▸ INPUT FOR THIS TASK:
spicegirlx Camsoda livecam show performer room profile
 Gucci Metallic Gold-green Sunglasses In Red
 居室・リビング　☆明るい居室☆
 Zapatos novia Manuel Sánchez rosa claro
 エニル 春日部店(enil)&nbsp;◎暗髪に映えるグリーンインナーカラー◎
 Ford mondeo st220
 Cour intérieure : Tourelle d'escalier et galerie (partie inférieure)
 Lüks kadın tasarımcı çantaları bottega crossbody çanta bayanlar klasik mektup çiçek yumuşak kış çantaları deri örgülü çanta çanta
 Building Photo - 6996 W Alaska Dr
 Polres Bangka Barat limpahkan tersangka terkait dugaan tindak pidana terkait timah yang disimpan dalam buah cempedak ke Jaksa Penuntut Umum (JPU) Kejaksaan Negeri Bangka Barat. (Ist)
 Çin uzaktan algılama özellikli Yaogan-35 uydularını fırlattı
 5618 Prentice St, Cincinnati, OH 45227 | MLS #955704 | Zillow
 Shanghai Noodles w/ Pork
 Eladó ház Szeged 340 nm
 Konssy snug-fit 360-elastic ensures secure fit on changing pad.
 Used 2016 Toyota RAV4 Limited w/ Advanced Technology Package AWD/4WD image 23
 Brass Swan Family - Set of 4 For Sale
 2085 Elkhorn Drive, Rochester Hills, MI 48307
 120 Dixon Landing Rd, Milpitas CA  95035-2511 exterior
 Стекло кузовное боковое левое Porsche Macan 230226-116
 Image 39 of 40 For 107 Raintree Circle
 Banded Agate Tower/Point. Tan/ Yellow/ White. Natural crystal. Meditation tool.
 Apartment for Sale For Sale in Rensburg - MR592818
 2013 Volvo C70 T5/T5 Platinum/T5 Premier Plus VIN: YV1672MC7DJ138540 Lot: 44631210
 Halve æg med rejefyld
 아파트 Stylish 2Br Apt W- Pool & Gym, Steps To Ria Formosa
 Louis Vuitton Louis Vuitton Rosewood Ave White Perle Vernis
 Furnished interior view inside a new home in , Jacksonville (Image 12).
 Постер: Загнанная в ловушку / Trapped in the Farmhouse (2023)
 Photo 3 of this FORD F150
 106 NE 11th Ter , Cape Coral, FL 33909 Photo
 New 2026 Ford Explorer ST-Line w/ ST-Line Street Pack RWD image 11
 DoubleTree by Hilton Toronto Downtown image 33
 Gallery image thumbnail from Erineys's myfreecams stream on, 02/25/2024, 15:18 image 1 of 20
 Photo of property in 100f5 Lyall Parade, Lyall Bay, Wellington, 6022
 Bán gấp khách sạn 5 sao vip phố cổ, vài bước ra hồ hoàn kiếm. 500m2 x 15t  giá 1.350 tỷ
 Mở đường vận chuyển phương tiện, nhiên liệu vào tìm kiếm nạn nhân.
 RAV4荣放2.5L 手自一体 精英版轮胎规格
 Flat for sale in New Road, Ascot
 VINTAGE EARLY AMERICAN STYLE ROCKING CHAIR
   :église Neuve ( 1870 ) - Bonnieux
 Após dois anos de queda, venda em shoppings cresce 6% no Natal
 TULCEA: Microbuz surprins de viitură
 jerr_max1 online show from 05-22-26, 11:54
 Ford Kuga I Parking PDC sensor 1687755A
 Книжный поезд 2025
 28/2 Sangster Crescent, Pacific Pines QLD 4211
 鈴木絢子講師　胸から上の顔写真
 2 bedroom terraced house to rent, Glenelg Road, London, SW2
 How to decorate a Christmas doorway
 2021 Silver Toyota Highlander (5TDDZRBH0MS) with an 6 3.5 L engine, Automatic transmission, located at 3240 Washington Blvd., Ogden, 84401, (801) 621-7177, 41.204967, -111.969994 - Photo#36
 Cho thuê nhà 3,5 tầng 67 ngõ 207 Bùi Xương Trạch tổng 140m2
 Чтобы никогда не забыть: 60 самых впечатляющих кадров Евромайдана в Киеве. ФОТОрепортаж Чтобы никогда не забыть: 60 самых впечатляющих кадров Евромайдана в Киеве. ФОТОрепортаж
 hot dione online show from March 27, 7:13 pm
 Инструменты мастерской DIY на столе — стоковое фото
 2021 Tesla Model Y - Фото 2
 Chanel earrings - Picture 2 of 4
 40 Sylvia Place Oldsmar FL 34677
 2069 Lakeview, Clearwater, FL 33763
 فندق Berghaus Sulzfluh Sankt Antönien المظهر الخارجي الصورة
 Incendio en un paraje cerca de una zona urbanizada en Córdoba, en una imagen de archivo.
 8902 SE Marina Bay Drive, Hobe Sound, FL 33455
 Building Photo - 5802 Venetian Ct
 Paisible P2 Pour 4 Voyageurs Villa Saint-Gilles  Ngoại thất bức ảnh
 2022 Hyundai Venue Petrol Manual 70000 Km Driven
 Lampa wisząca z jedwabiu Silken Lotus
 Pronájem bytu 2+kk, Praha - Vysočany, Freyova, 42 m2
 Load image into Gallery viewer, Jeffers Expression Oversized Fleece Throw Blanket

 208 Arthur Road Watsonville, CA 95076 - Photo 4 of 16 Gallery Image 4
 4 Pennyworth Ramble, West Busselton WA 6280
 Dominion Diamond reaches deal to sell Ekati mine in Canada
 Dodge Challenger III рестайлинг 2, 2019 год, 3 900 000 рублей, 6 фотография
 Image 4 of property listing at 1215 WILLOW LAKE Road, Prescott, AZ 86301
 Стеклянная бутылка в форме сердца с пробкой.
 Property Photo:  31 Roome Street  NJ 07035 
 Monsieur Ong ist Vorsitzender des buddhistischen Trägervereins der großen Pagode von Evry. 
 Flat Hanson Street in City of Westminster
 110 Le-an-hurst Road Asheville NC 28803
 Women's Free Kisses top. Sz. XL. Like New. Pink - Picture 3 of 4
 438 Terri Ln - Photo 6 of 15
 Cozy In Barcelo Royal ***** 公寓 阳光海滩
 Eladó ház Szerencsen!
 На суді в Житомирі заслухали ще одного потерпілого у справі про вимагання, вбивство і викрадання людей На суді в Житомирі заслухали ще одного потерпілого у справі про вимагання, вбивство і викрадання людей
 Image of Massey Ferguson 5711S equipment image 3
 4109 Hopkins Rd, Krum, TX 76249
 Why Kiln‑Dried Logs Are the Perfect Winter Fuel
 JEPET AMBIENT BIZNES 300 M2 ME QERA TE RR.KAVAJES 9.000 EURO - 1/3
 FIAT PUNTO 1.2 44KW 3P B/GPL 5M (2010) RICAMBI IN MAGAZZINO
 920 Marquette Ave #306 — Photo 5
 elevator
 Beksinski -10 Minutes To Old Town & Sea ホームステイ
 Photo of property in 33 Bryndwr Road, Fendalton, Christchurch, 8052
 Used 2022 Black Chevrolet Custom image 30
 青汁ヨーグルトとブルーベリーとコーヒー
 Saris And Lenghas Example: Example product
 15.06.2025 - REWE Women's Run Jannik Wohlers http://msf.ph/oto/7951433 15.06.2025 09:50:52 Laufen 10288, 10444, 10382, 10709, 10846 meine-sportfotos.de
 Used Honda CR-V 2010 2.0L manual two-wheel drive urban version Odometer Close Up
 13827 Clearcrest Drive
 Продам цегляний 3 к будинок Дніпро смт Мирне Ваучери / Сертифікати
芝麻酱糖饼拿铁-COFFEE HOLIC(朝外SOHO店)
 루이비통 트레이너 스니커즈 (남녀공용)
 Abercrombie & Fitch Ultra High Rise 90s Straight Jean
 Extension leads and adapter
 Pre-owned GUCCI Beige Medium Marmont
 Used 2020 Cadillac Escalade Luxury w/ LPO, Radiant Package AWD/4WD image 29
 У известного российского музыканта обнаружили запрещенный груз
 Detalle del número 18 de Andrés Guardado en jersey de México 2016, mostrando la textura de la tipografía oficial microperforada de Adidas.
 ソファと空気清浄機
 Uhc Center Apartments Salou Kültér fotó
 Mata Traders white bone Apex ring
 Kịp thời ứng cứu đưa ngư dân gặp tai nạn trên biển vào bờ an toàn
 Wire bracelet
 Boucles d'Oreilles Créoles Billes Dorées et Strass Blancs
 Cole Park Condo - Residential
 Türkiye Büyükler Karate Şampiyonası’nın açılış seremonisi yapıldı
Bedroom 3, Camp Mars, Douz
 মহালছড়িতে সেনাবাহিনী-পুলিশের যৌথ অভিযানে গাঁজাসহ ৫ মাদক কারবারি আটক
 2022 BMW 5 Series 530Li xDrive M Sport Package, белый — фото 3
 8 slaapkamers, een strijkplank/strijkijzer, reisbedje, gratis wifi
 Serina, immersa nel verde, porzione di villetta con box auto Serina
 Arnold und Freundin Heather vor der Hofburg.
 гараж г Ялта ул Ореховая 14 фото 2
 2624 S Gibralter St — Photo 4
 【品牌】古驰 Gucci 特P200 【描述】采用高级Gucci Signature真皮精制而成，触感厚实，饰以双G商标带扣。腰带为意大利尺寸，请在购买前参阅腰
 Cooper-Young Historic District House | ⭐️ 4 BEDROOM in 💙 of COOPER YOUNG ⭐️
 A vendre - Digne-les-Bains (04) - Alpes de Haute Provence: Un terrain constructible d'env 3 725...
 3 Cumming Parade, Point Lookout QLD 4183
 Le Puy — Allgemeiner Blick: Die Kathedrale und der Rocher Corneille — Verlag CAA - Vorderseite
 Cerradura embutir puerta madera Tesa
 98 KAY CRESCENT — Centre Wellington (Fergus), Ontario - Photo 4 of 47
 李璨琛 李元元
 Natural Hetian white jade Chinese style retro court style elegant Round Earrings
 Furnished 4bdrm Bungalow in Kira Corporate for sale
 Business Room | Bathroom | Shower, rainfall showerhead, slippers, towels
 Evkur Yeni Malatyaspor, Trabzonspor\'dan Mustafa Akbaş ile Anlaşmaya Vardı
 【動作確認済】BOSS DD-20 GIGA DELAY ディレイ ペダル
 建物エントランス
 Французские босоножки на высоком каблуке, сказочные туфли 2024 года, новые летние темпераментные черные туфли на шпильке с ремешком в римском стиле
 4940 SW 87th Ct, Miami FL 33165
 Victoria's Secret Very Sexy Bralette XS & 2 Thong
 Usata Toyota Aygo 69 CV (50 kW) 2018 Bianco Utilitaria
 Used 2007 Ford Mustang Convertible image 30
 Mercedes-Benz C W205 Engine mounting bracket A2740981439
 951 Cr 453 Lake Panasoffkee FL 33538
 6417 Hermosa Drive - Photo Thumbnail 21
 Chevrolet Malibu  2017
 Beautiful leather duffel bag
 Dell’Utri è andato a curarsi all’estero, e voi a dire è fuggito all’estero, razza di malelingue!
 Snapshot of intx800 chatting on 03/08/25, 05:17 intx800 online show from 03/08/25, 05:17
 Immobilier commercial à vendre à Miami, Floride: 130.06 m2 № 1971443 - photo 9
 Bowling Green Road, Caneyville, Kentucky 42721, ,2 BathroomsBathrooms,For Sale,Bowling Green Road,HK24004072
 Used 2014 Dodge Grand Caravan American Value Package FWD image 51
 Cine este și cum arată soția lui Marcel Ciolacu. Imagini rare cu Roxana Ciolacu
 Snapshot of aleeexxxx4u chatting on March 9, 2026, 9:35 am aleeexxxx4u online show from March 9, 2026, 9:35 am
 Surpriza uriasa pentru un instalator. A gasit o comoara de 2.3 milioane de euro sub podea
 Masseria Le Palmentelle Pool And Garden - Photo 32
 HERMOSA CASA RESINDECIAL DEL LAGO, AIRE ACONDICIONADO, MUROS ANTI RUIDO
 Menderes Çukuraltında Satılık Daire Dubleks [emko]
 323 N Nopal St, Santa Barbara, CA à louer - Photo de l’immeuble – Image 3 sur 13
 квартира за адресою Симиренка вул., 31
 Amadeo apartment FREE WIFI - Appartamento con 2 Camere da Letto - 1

▸ GOAL OF THE EXERCISE:
What is needed is a verbatim copy of every line in the records above from the one containing "гараж г Ялта ул Ореховая 14 фото 2" down to the one containing "Le Puy — Allgemeiner", both included, and nothing more.

▸ SOLUTION TO THE EXERCISE:
 гараж г Ялта ул Ореховая 14 фото 2
 2624 S Gibralter St — Photo 4
 【品牌】古驰 Gucci 特P200 【描述】采用高级Gucci Signature真皮精制而成，触感厚实，饰以双G商标带扣。腰带为意大利尺寸，请在购买前参阅腰
 Cooper-Young Historic District House | ⭐️ 4 BEDROOM in 💙 of COOPER YOUNG ⭐️
 A vendre - Digne-les-Bains (04) - Alpes de Haute Provence: Un terrain constructible d'env 3 725...
 3 Cumming Parade, Point Lookout QLD 4183
 Le Puy — Allgemeiner Blick: Die Kathedrale und der Rocher Corneille — Verlag CAA - Vorderseite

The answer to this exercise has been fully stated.